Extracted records
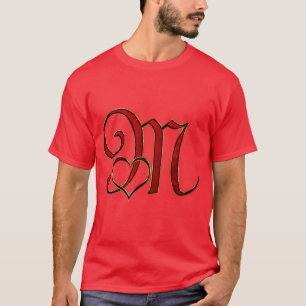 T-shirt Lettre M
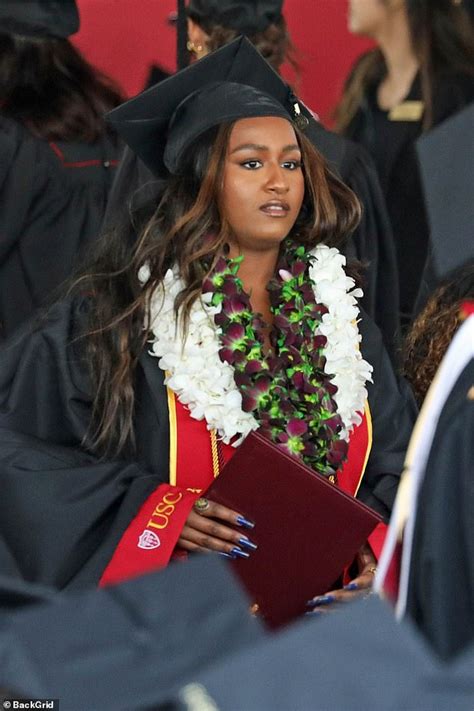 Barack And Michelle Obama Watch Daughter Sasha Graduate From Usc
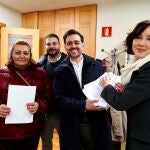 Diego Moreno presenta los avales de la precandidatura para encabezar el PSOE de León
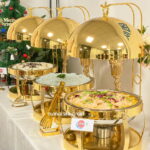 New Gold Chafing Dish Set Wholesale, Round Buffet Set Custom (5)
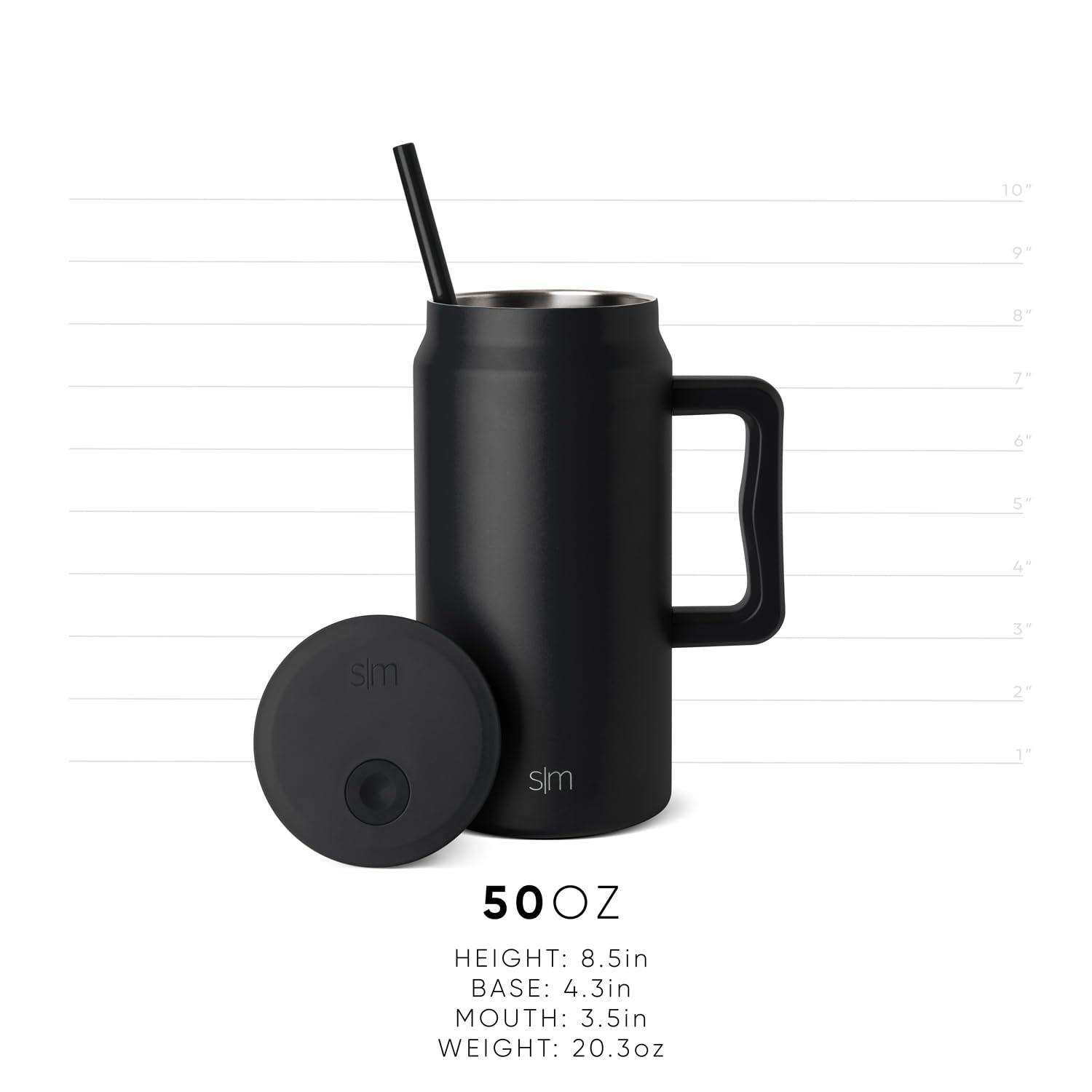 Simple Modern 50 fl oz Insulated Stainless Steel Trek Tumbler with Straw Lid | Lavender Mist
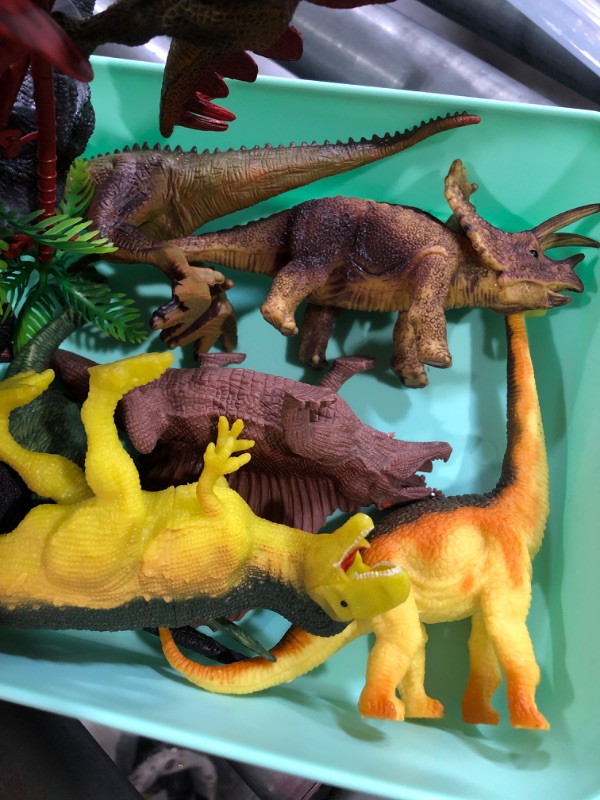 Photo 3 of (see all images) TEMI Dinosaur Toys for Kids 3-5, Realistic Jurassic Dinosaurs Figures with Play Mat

DIRECTIONS = At the line containing "New Gold Chafing", begin reproducing the entries word for word, and continue through their last line. Leave out the pictures.

OUTPUT OF THE TASK =
 New Gold Chafing Dish Set Wholesale, Round Buffet Set Custom (5)
 Simple Modern 50 fl oz Insulated Stainless Steel Trek Tumbler with Straw Lid | Lavender Mist
 Photo 3 of (see all images) TEMI Dinosaur Toys for Kids 3-5, Realistic Jurassic Dinosaurs Figures with Play Mat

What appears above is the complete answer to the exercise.